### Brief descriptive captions
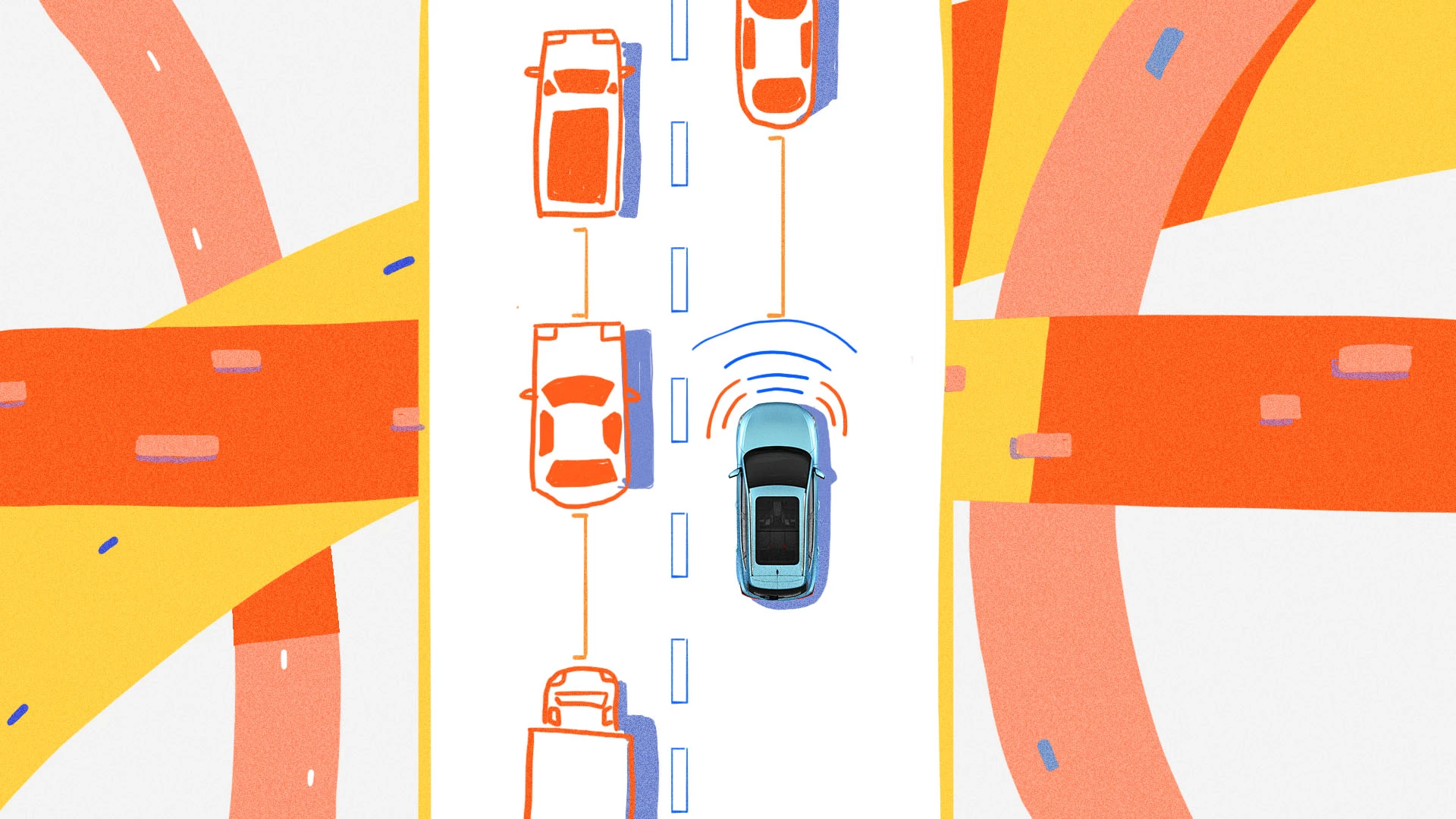 Depiction of electric vehicles on the road 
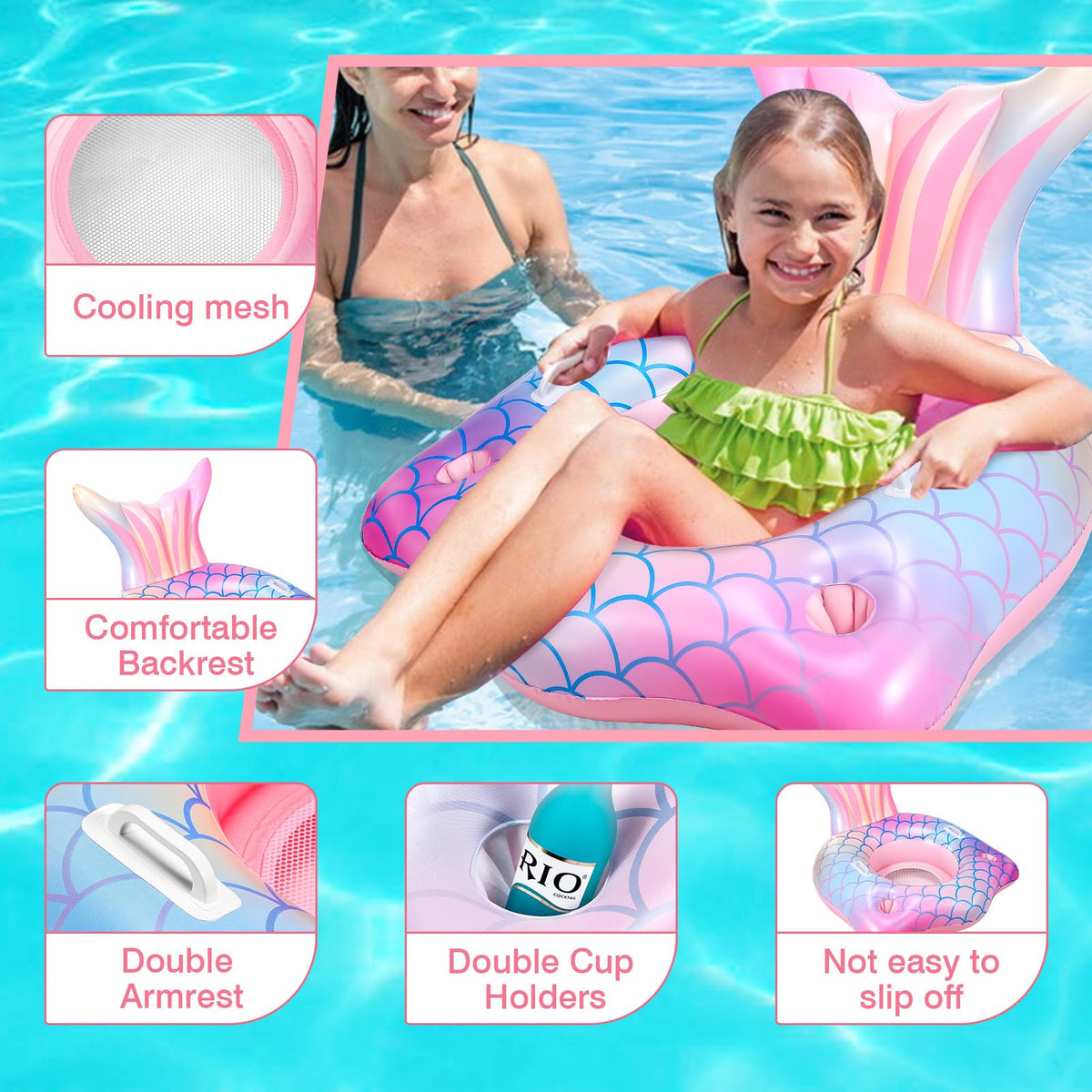 Runpon pink flamingo pool lounger with two cup holders keeps drinks within reach.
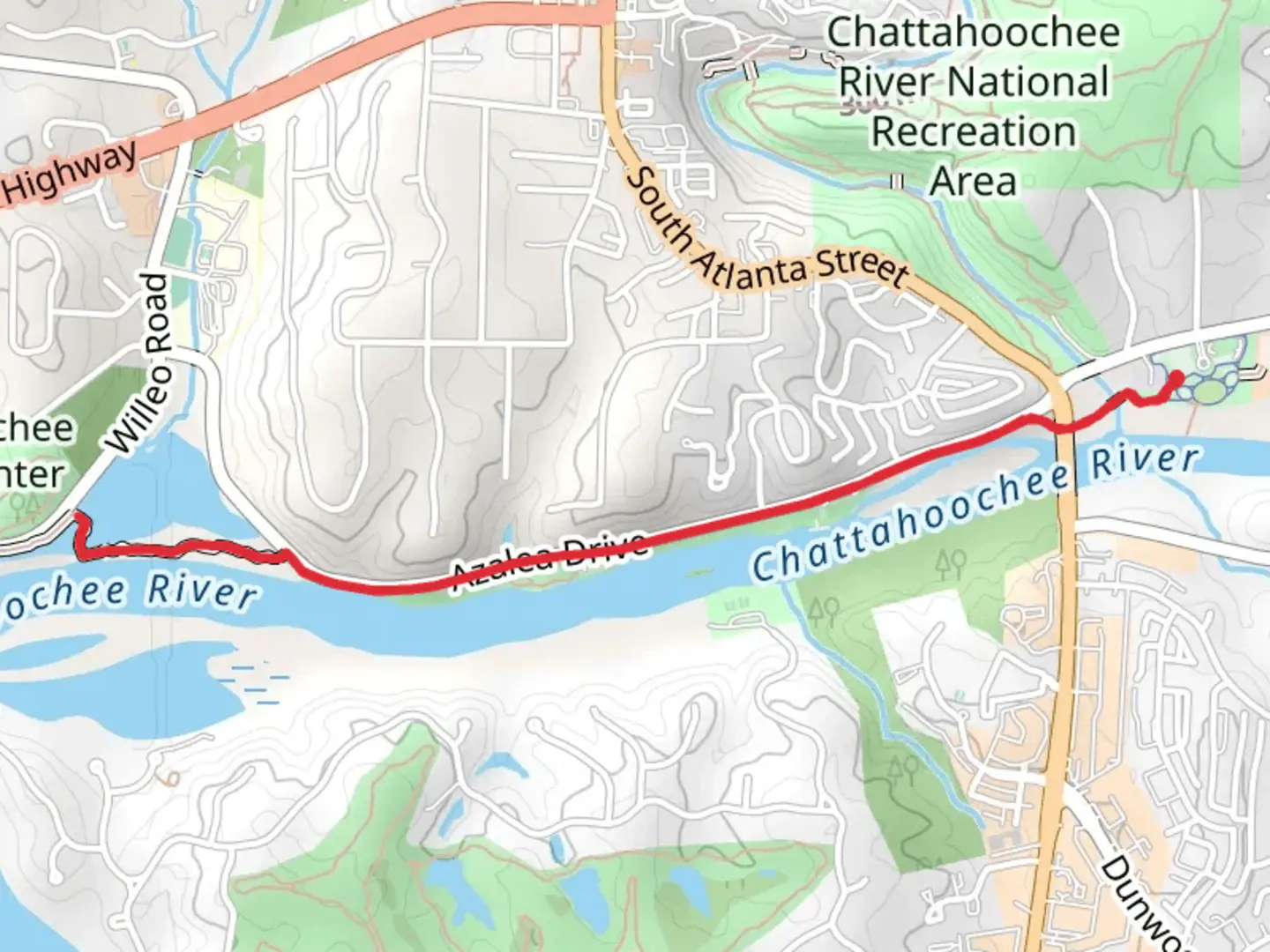 An image depicting the trail Rosewell Riverwalk Trail and Willeo road Trail and its surrounding area.
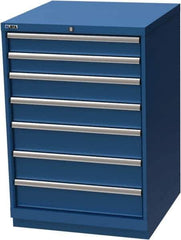 LISTA - 7 Drawer, Modular Storage Cabinet - Steel, 28-1/4" Wide x 28-1/2" Deep x 41-3/4" High, Blue - USA Tool & Supply
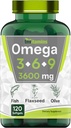 tnvitamins Triple Omega 3◆ 6◆ 9: 3600mg x 120 Softgels 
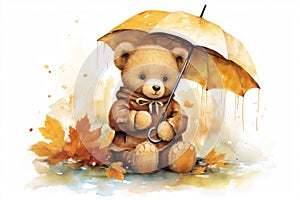 Animals children bear cute card drawing cartoon umbrella autumn art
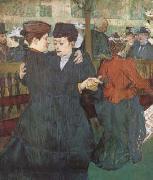 Henri de toulouse-lautrec Two Women Dancing at the Moulin Rouge (mk09) oil painting on canvas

### Task requirements
Transcribe exactly, and only, the lines from the one with "Runpon pink flamingo" through the final line of the data above. The pictures stay out.

### Solution below
 Runpon pink flamingo pool lounger with two cup holders keeps drinks within reach.
 An image depicting the trail Rosewell Riverwalk Trail and Willeo road Trail and its surrounding area.
 LISTA - 7 Drawer, Modular Storage Cabinet - Steel, 28-1/4" Wide x 28-1/2" Deep x 41-3/4" High, Blue - USA Tool & Supply
 tnvitamins Triple Omega 3◆ 6◆ 9: 3600mg x 120 Softgels 
 Animals children bear cute card drawing cartoon umbrella autumn art
 Henri de toulouse-lautrec Two Women Dancing at the Moulin Rouge (mk09) oil painting on canvas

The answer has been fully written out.